Sound System "offline" Evaluation

It can be useful to capture the produced sound field of a sound system for evaluating it later, perhaps in a more comfortable setting. This is similar to the original function of this headset—capturing 3D sound fields for realistic playback recreating the original environment.

There are great notes by S. Linkwitz of how much our perceptual system can ignore the room and focus on the direct sound of the speakers. However, if we reproduce a binaural recording of the system in a room back using the same system, we immediately start noticing all the room contributions (see the paper "Room Reflections Misunderstood?", Section 5). This is a really interesting experiment to try with this headset.

Note that since Ambeo is a binaural headset, not a spherical stereo microphone, the pinnaes of the person making the recording inevitably color the sound. As we have seen in the section above, the filtering by the pinna is non-negligible. I found that it's best to play back these recordings either on Ambeo itself (no surprise here), or on IEMs with close to direct field equalization. Playing on over-ear headphones or via speakers will "apply" the pinnae filter once again.

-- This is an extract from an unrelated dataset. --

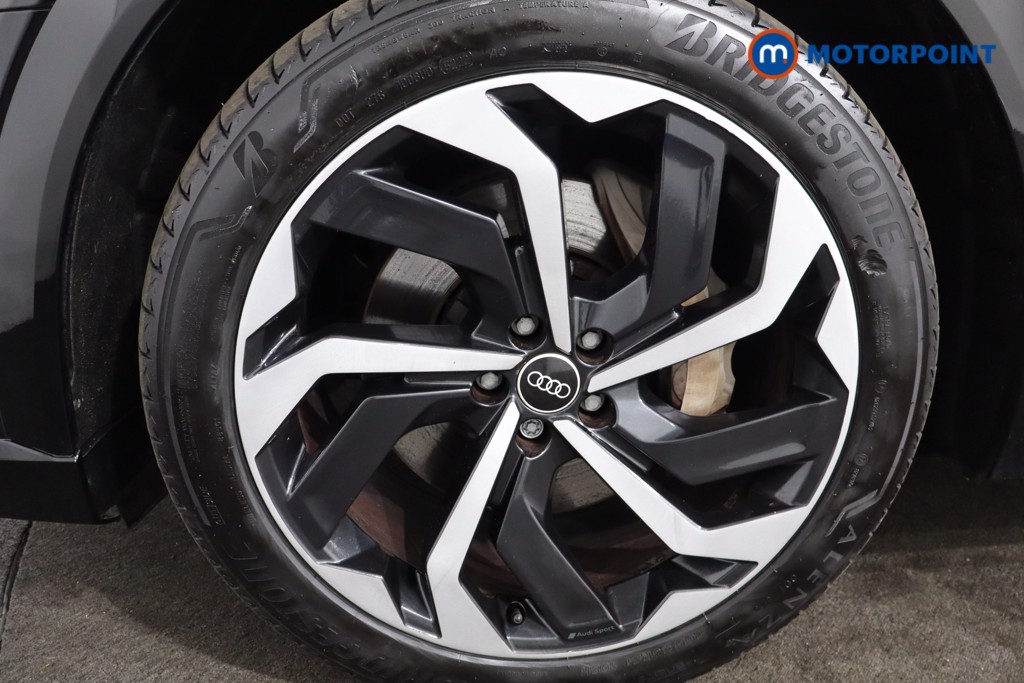 Audi E-Tron Black Edition Automatic Electric SUV - Stock Number (1562125) - 11th supplementary image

"Dummy Head" or "Spherical Microphone" Measurements

This is what I was doing when tuning audio in the car. Since the "room" is very small, and the presence of a human body introduces a significant change in the acoustic environment, using in-ear microphones for left and right speakers alignment produced better results than use of a measurement microphone.

To reiterate, I was using Ambeo only for matching the sound arriving into the left ear from the left speaker to the sound arriving into the right ear from the right speaker by equalizing the speakers. The final tonal adjustment was done using MMA averaging and double-checking with known music tracks. As we saw from the measurement of Ambeo's stereo microphones are well matched and are equalized for diffuse field. The dip around 4.8 kHz that occurs when they are inserted into ears (at least, my ears) must be ignored during sound sources matching.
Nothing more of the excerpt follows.